Facebook: International Surfing Association
9. The Schedule
- September 14 – Press Conference, 2pm at Tahara City Hall
- September 15 – Parade of Nations and Opening Ceremony, 10am at Tahara City Hall
- September 16-22** – Competition at Long Beach, Tahara, 8am – 4pm
- September 22 – Closing Ceremony at Long Beach following the close of competition
*Schedule subject to change due to conditions
** The Open Men’s Division will end no later than Friday, September 21 to accommodate
10. The Support of Our Partners
The ISA would like to thank the partners, local organizers in Tahara, and supporters of this event, especially Urban Research, which has led the support as the event’s Title Sponsor.
The International Surfing Association (ISA), founded in 1964, is recognized by the International Olympic Committee as the World Governing Authority for Surfing. The ISA governs and defines Surfing as Shortboard, Longboard & Bodyboarding, StandUp Paddle (SUP) Racing and Surfing, Para Surfing, Bodysurfing, Wakesurfing, and all other wave riding activities on any type of waves, and on flat water using wave riding equipment. The ISA crowned its first Men’s and Women’s World Champions in 1964. It crowned the first Big Wave World Champion in 1965; World Junior Champion in 1980; World Kneeboard Champions in 1982; World Longboard Surfing and World Bodyboard Champions in 1988; World Tandem Surfing Champions in 2006; World Masters Champions in 2007; World StandUp Paddle (SUP, both surfing and racing) and Paddleboard Champions in 2012; and World Para Surfing Champions in 2015.

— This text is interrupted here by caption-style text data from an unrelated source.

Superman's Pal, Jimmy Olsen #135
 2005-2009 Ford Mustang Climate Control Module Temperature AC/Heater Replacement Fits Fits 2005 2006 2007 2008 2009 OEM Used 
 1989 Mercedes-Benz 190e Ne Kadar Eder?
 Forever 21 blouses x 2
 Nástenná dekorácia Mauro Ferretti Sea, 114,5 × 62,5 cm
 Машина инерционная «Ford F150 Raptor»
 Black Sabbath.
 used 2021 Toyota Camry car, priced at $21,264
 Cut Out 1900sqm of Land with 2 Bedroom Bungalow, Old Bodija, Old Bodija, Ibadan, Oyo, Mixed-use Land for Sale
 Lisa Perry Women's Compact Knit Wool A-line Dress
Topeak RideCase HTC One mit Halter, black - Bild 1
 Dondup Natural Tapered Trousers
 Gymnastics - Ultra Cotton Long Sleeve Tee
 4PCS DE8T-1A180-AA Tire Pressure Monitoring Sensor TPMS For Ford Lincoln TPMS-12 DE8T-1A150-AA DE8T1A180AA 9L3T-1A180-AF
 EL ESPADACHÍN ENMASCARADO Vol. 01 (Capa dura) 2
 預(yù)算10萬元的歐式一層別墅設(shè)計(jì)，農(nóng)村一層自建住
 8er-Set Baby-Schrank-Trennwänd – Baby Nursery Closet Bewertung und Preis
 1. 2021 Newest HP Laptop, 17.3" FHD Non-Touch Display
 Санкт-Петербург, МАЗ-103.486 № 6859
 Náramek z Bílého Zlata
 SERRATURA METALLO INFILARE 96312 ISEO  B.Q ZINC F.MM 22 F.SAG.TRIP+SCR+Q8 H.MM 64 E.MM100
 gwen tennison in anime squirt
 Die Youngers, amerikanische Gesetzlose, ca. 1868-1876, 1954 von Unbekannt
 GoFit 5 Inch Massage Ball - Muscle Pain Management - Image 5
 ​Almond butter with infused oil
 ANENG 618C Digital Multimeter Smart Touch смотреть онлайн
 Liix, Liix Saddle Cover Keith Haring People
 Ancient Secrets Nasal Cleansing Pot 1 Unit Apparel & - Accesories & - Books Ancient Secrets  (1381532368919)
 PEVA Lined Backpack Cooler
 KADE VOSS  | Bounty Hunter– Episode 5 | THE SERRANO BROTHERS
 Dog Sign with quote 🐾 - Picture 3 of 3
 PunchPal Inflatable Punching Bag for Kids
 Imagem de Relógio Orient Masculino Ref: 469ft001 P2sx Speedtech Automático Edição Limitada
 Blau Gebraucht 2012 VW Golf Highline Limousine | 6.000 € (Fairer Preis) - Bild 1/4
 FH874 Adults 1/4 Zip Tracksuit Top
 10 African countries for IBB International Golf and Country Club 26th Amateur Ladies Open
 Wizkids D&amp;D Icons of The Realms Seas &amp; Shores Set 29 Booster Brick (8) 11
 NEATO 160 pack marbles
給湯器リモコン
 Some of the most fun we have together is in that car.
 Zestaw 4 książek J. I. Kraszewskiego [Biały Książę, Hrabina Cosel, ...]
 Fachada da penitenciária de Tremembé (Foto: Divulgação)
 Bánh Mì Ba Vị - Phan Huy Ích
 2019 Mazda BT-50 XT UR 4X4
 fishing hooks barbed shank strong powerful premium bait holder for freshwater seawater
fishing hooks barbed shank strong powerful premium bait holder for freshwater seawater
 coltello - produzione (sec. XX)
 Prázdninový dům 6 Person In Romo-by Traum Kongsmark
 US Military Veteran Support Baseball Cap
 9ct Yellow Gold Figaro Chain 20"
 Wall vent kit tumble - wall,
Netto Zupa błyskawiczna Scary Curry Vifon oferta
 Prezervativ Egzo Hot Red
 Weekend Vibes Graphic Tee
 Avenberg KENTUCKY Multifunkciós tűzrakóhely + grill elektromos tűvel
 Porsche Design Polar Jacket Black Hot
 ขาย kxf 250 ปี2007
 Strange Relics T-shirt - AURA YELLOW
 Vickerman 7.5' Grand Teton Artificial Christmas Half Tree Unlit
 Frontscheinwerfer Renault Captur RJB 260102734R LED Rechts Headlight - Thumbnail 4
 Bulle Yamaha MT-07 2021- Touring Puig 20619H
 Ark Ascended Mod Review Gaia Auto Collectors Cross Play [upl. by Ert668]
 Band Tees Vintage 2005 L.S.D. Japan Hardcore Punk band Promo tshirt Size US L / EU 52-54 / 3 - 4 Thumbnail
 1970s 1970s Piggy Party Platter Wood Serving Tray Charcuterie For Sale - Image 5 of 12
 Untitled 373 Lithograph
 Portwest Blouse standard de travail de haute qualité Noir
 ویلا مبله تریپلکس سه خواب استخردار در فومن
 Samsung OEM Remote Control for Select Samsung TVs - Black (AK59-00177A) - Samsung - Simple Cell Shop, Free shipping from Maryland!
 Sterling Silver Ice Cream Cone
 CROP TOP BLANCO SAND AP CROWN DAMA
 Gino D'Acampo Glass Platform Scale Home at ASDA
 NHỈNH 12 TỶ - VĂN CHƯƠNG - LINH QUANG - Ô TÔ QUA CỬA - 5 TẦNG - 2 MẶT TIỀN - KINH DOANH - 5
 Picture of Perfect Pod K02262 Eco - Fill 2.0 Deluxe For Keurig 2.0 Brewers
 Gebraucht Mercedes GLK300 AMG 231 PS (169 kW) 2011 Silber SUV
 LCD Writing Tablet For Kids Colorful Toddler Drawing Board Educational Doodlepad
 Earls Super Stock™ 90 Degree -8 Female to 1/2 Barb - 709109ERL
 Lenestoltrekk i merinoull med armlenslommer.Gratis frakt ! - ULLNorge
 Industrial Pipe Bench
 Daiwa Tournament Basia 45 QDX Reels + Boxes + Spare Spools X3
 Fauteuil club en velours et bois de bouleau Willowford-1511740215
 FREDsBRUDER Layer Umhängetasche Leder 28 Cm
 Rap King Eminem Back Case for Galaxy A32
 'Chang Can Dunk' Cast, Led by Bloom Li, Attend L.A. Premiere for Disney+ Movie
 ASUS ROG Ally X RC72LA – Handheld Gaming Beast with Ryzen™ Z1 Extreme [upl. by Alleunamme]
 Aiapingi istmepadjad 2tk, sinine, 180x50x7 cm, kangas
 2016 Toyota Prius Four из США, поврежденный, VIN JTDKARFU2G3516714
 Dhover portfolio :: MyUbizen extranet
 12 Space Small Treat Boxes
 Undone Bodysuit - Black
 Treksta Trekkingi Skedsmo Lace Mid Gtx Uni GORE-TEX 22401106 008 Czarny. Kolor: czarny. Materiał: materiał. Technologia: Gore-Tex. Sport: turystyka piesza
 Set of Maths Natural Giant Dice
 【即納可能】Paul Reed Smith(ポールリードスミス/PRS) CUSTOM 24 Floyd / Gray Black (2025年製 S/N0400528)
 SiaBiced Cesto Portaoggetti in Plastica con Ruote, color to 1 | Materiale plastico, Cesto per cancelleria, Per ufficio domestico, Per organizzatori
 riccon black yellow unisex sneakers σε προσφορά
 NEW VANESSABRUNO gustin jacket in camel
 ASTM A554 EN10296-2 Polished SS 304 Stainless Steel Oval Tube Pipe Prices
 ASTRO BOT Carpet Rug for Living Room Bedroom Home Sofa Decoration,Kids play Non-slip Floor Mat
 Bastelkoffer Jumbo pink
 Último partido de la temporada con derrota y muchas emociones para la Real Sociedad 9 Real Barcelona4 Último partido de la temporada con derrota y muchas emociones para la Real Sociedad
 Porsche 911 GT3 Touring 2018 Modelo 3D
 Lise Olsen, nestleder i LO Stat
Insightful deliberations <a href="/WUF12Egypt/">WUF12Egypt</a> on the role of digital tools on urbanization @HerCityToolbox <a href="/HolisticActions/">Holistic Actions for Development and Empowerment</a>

ISA membership includes the surfing National Federations of 108 countries on five continents. The ISA is presided over by Fernando Aguerre (ARG). The Executive Committee includes four Vice-Presidents Karín Sierralta (PER), Kirsty Coventry (ZIM), Casper Steinfath (DEN) and Barbara Kendall (NZL), Athletes’ Commission Chair Justine Dupont (FRA), Regular Members Atsushi Sakai (JPN) and Jean Luc Arassus (FRA) and ISA Executive Director Robert Fasulo as Ex-officio Member.
Its headquarters are located in La Jolla, California (USA).